With her calloused hands, Zou Lei put frogs in a pot and turned the propane on. She kicked the cardboard boxes flat and stacked them in the trash. I’ll include you one meal a day, the boss-wife said. When Zou Lei got paid, she did her laundry and came to work the next day eating a twisted piece of bread fried in oil and drinking hot milk. Business is a joke, the woman said. They played Cantonese radio. Zou Lei took condiment packets home at night.
On her break, she did a handstand against the wall and tried to do a vertical pushup, even just an inch. First she took her phone out, which she had felt slipping out of her back pocket, and laid it on the stairs. Then she went back to the wall and kicked up into a handstand, holding herself on her hands. Her hat fell off her head and her shirt fell down to her armpits, exposing her flat stretched abdomen. She rolled down to her feet to a squatting position, dusted her hands off, and tried again.
She went for a jog around the block, but there was no block. The neighborhood around her house was full of levels. Walls and fences. You went down the street and it closed behind you, it screened you off, the courtyards and the back alleys, straw in the frozen mud. The bricks were faded on the buildings, turning to pumice, grayed-out. The boards and barricades in the alleys were gray-weathered, the piles of leafless brush were gray, husk-dry, piled under the windows, woven into the rusted wire fences. You could look up from a back alley to an old wall, a tree on the wall,
another tier starting, a building, one of the new condos, the foundations at eye level. You could climb it. The houses and walls were stairs. It was a terraced hillside, a maze on a slant.
Dirty white houses were tucked in under other buildings, red blessings on the doors, Chinese New Year’s just behind us. On the dashboards of their Caravans and Quests, there were Buddhas. You could always see their laundry hanging out to dry. They made projects. Plants of ascending sizes, little designs, a money cat, plastic bags woven together to make ropes, the ropes tied from beam to beam, a contraption, you never knew what for.
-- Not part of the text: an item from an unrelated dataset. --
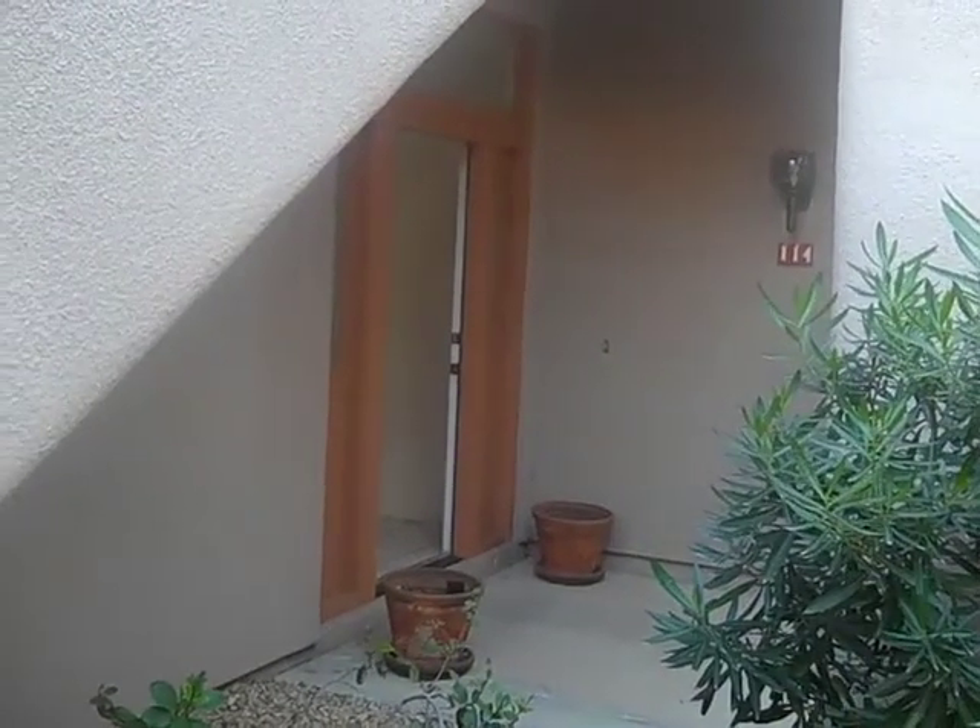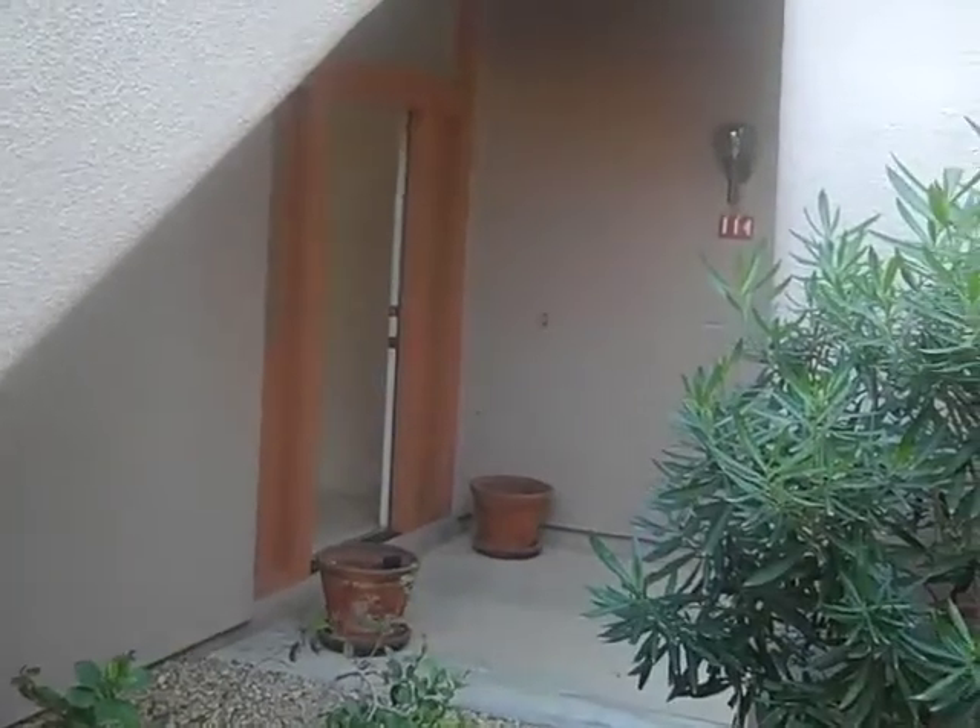We are at 13013 North Panorama, number 114, MLS number 4141521. This is the one with a big wraparound porch right next to the fountain that you guys like. This one is a ground-level unit. It's a short sale, priced at $259. It is a 2-bedroom, 2-bath, 2-car garage, 1896 square feet.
You might smell joss in the tumbledown alley. You might see a stolen Corolla. You might see it going up and down if a girl was in it. In the back, where the rust was dripping down and the grills were weeping black on the bricks, everything was tended, an arrangement of boards and plaster buckets, a small pyramid design. If you heard voices coming from a window they were saying… what were they saying in Zhejiang dialect?
The workmen coming home—they might be exhausted or look sly with a smoke, smoking out of the side of the mouth, paint on their hands. They talked on cell phones, waited in pickups. Orange extension cords coiled in the back, a crew of five or six, drinking coffee, vapor coming up from the manifold, idling—bachelors, cousins, one last name.
In the evening, they came back to the apartment and ate their takeout and she heard their battery radios tuned to Voice of Mainland, speaking the common language. Singing ballads. The moon is round, the moon is round.